Captioned web image data
+--
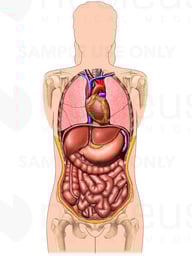 Anatomy of the Thorax and Abdomen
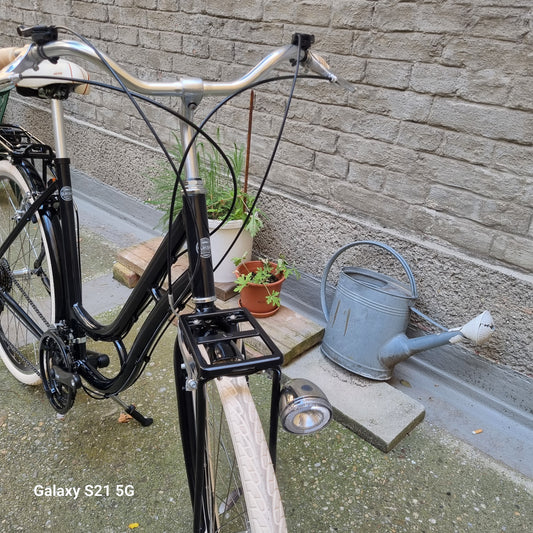 Glanzrad Schwanenhals 53 cm 21 Gang Deluxe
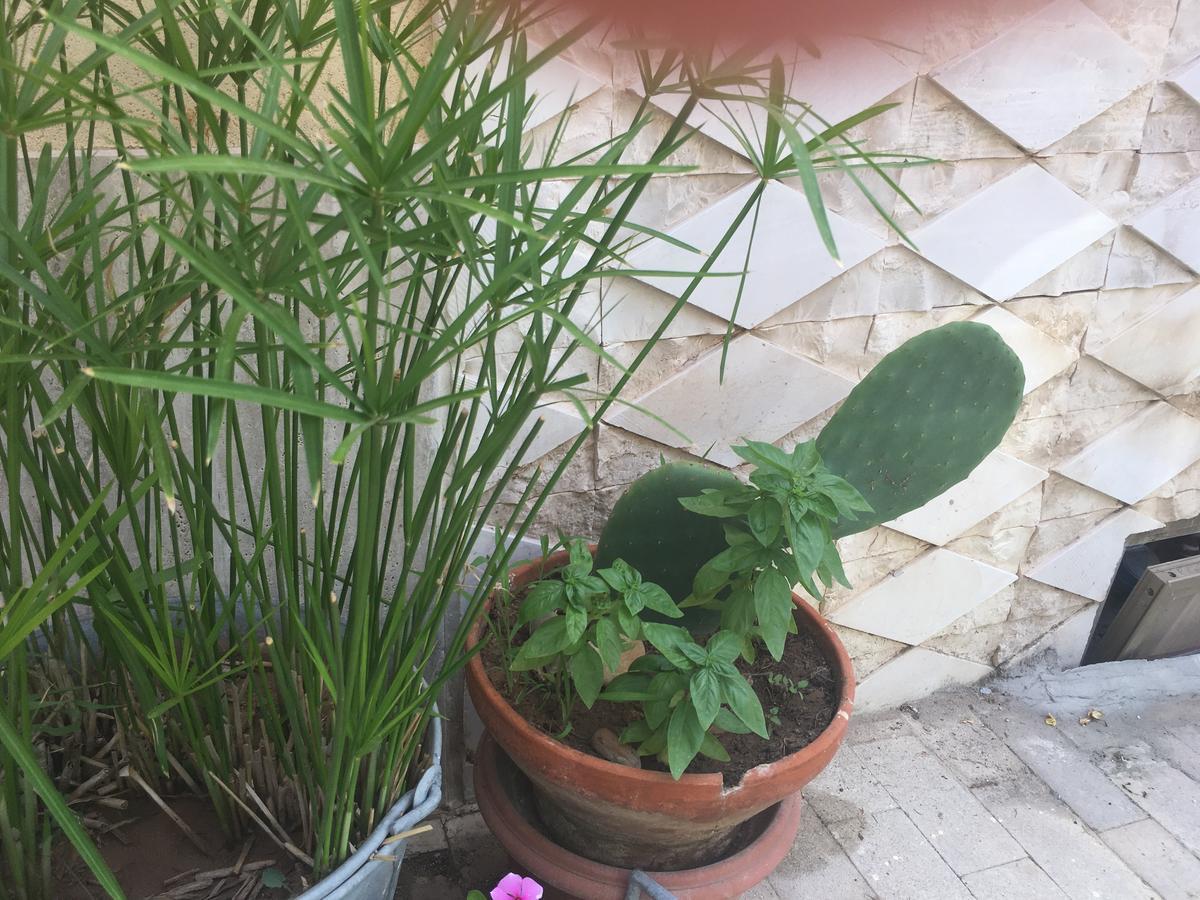 Casa Vacanze Le Rose Marina di Ragusa Exteriör bild
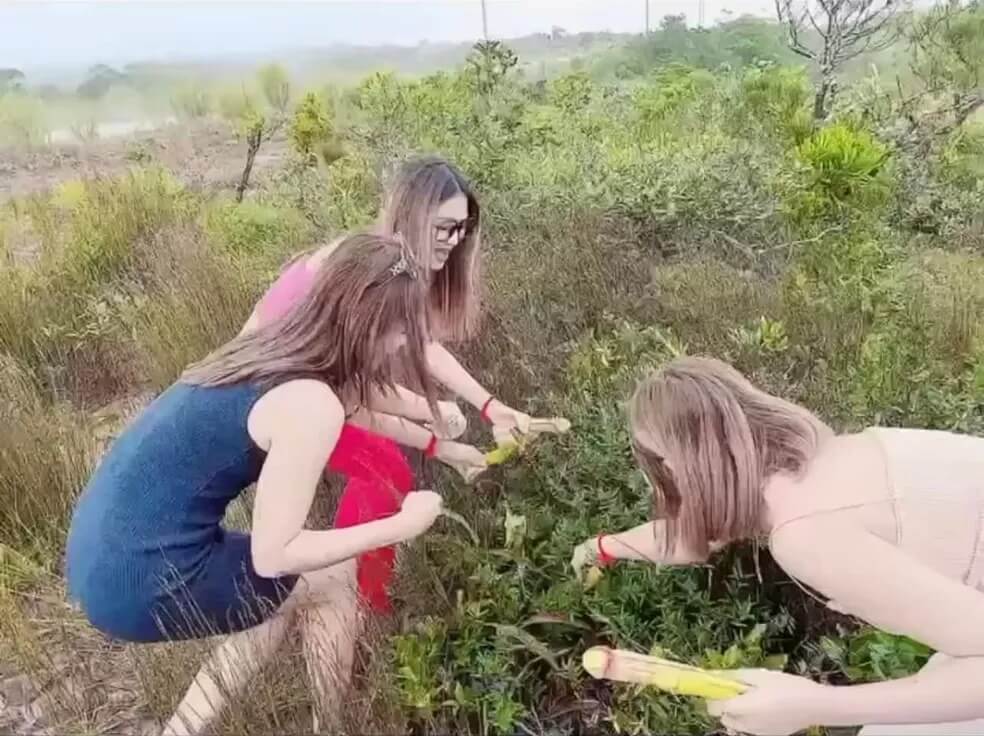 Mulheres tirando fotos com "planta pênis"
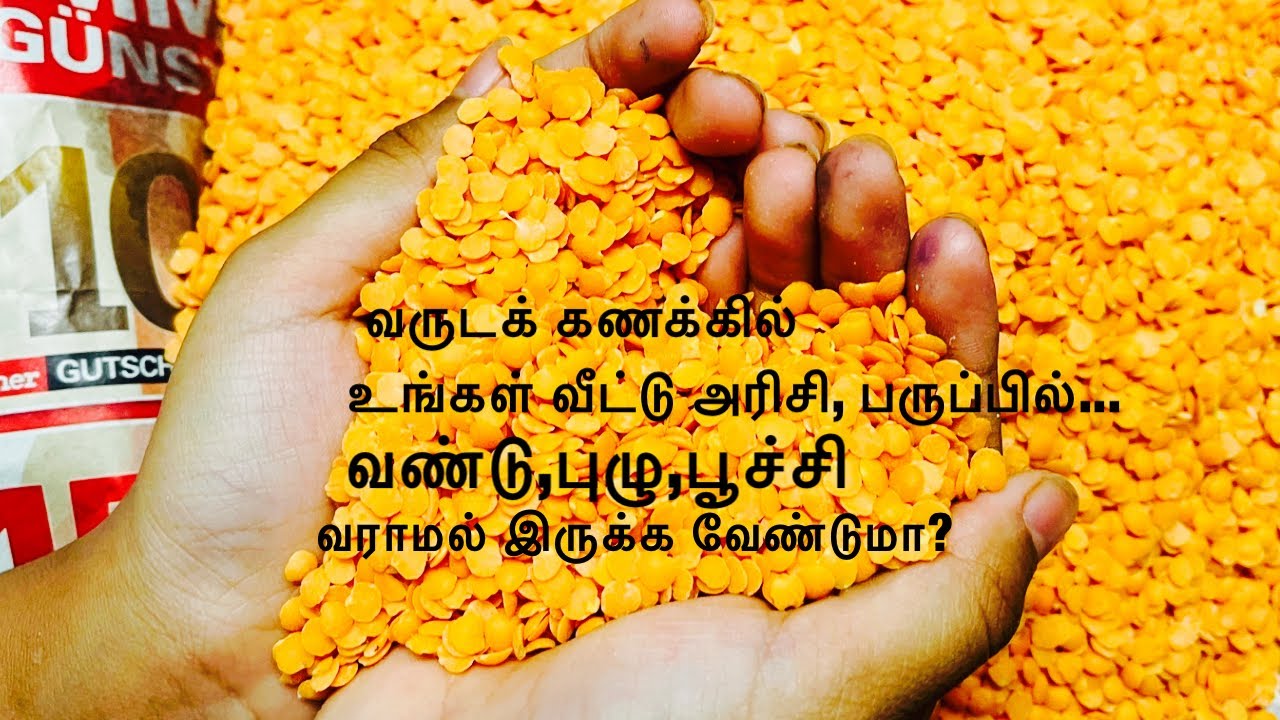 அரிசி,பருப்பில் வண்டு,பூச்சி,புழு வராமல் இருக்க குறிப்பு# storage Tips in Tamil #avoid  rice bugs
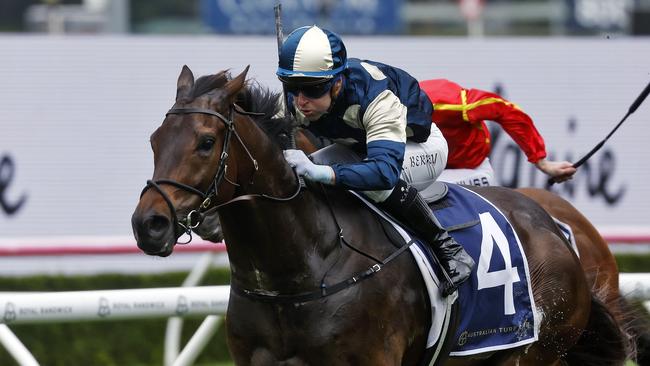 DAILY TELEGRAPH - 5/11/24The Big Dance race day at Randwick Racecourse today.  Tommy Berry rides no.4 GRINGOTTS to victory in The Big Dance. Picture: Sam Ruttyn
+--
== Exercise ==
For the entries above, the output must hold exactly the lines from the one with "Mulheres tirando fotos" through the last line, both included, and no pictures.

== Result of the task ==
 Mulheres tirando fotos com "planta pênis"
 அரிசி,பருப்பில் வண்டு,பூச்சி,புழு வராமல் இருக்க குறிப்பு# storage Tips in Tamil #avoid  rice bugs
 DAILY TELEGRAPH - 5/11/24The Big Dance race day at Randwick Racecourse today.  Tommy Berry rides no.4 GRINGOTTS to victory in The Big Dance. Picture: Sam Ruttyn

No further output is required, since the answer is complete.